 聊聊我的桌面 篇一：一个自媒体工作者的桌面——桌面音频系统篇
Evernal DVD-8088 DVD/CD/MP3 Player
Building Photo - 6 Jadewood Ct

* * *

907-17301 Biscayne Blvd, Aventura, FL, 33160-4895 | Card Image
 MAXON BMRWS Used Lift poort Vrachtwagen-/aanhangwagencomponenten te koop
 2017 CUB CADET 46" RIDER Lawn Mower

> [YOUR INSTRUCTIONS]
Give an exact copy of the lines above from the line with "聊聊我的桌面 篇一：一个自媒体工作者的桌面——桌面音频系统篇" up to and including the line with "Building Photo - 6 Jadewood Ct", and leave everything else out.

> [FINAL ANSWER]
 聊聊我的桌面 篇一：一个自媒体工作者的桌面——桌面音频系统篇
Evernal DVD-8088 DVD/CD/MP3 Player
Building Photo - 6 Jadewood Ct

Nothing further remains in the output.